When kids pack their satchels and go back to school, there can be a little fear in the air.

Children react differently to stress than adults, so you may notice that your little one is more irritable, has a few more tantrums, is bed-wetting, has trouble concentrating, or has more abdominal pain, poor sleep, or dizziness.

Stress triggers a release of adrenaline and cortisol for the adrenal glands.

This is nature’s built-in alarm system that tells us something is wrong and it is time to flee or start a fight – our sympathetic nervous system response to fight or flight.

Understanding this can help you understand why your child may be more argumentative, irritable, or aggressive.

It’s a natural response to fear.

When fear becomes a problem, that fight-or-flight response doesn’t shut itself down properly, so adrenaline and cortisol levels stay high and fear lingers.

We can naturally reduce the stress response through exercise – literally running away from danger.

Kicking a soccer ball in the park, going on a bike ride, or climbing a tree will help reduce the natural surge in stress hormones and lower the stress response to manageable levels.

Yoga and mindfulness have proven to be very effective ways for children to manage anxiety.

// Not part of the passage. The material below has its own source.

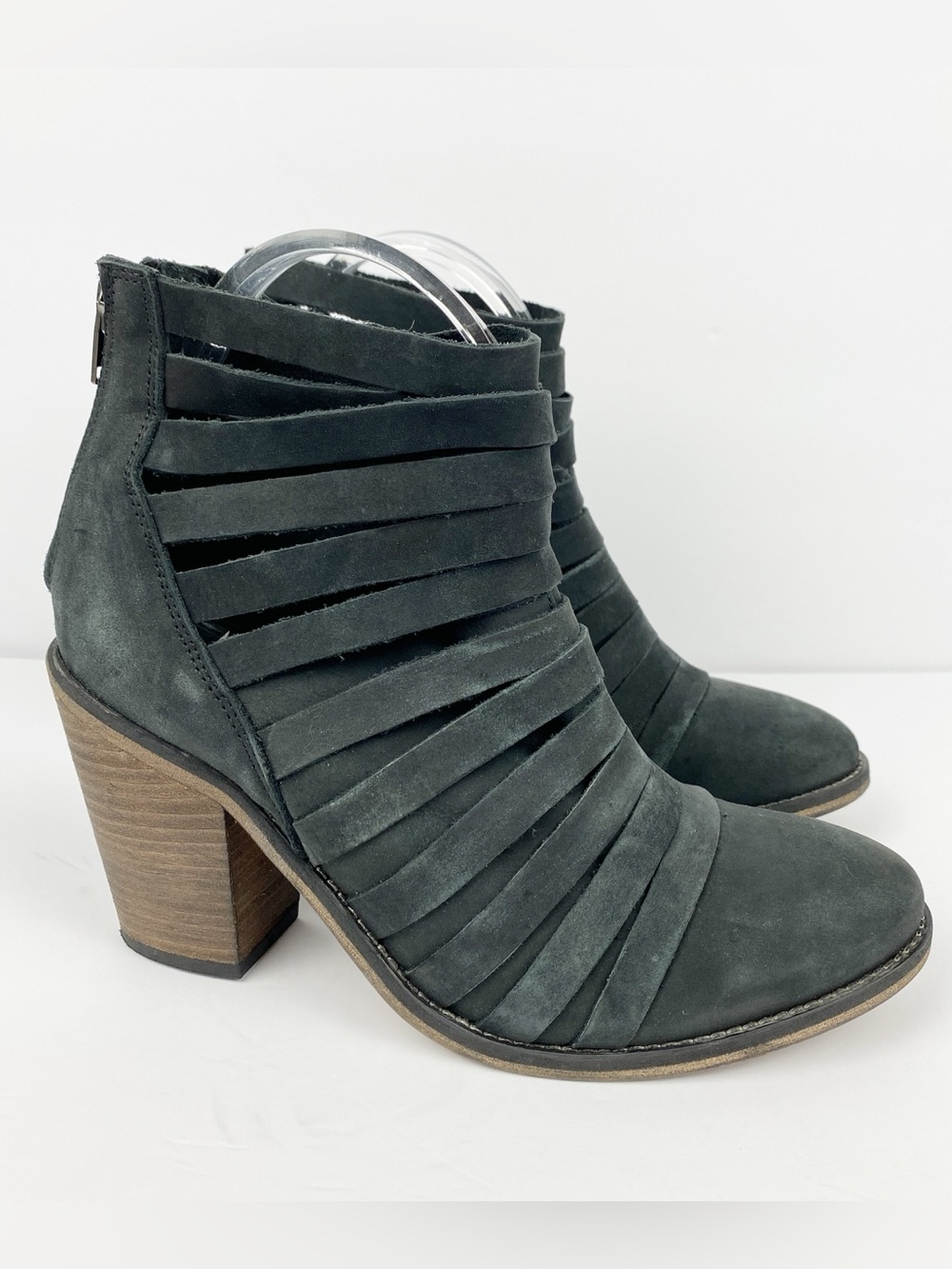 Free People Boots Shoes Womens 8.5/39 Strappy Hybrid Ankle Booties Black Leather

Simple breathing exercises or age-appropriate guided meditations are great.

Check out relaxkids.com or headspace.com/meditation/kids for ideas.

When it comes to diet and nutrition, there are a few things you can do to help your child manage anxiety and stress.

  • A good breakfast with some protein and healthy fats can help support blood sugar levels, balance stress hormones, and help focus at school. Your child will get off to a good start with eggs or bacon on toast, porridge or Weetabix with milk or peanut butter and banana on toast.
  • Sugar is a big driver of adrenaline and cortisol and can contribute to feelings of stress and anxiety. Doing things with children gradually is always a good idea, so I suggest finding out where sugar is in their diet and going for the simplest swaps first. For example, check the sugar content of your child’s favorite snack or treat during the break and swap it for an alternative that is slightly lower in sugar. Swapping Jaffa cakes for digestive cookies or choosing a low-sugar yogurt would be a good place to start. The important thing is not to over-restrict any foods in their diet as it is important for them to enjoy a wide range of foods and avoid too many restrictions as this can create problems with their relationship with food.
  • We know there is a great gut-brain connection, so feeding your child the healthy gut bacteria is a great thing to support their mental health. Fermented foods do wonders for the balance of your child’s microbiome. Start with live or organic yogurts, try some kefir (tastes like yogurt) or kombucha (tastes like soda). Get your child to choose their favorite flavors and they will be more likely to try them out.
  • Sit down and eat together. Take the time to share meals with your tribe. This can be a valuable time to talk about the day’s events and have fun together and set a good example of healthy habits for your child. Sitting down to eat as a family is also associated with increased self-esteem and academic performance.
  • Help your little one sleep well. Magnesium supplementation before bed could be beneficial. I like Higher Nature’s Relax and Unwind as it tastes like berries and has some other nutrients like theanine and calcium that have calming properties to aid restful sleep and reduce anxiety.

If you have any concerns about your child’s mental health or stress levels, speak to your GP.